* [Supplied material]:
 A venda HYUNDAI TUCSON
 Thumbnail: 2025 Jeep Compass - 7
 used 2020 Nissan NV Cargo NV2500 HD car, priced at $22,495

* [Required action]: Copy exactly. Include the line containing "Thumbnail: 2025 Jeep Compass - 7" and every later line through the end of the listing, and nothing else.

* [Task output]:
 Thumbnail: 2025 Jeep Compass - 7
 used 2020 Nissan NV Cargo NV2500 HD car, priced at $22,495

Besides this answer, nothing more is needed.